◆ **GIVEN DATA**:
[Start of section]

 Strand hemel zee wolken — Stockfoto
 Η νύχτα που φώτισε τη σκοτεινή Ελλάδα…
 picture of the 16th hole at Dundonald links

[End of section]
[Start of section]

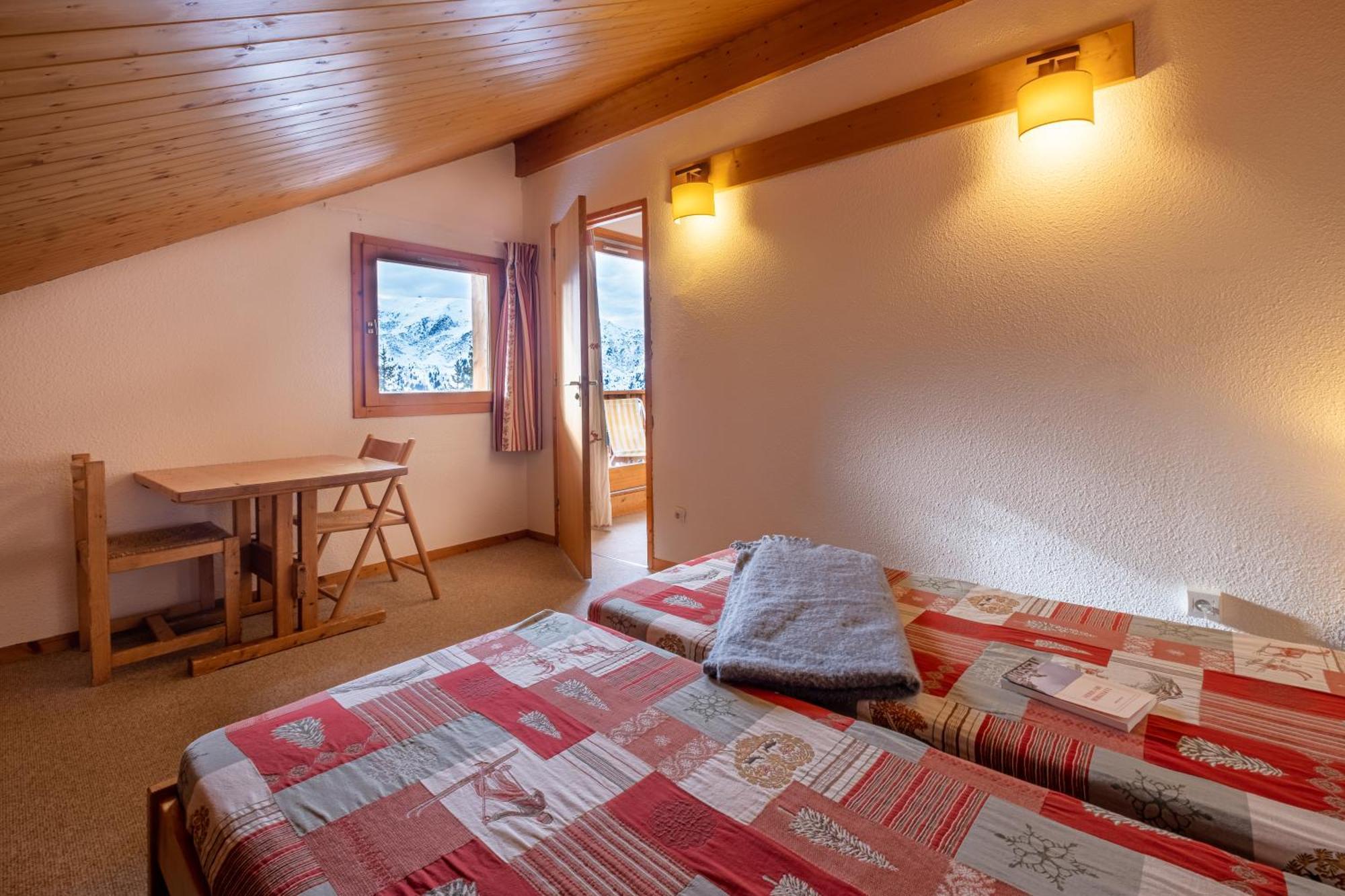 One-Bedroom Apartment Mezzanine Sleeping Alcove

[End of section]
[Start of section]

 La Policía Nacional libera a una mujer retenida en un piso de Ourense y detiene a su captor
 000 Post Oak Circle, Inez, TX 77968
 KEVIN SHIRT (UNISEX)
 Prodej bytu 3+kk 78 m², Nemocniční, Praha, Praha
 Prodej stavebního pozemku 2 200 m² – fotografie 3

[End of section]

◆ **PROBLEM TO WORK ON**: Lines wanted from the listing above: the line with "Prodej bytu 3+kk" up to and including the line with "Prodej stavebního pozemku". Please write them out exactly, adding nothing else.

◆ **RESPONSE AREA**:
 Prodej bytu 3+kk 78 m², Nemocniční, Praha, Praha
 Prodej stavebního pozemku 2 200 m² – fotografie 3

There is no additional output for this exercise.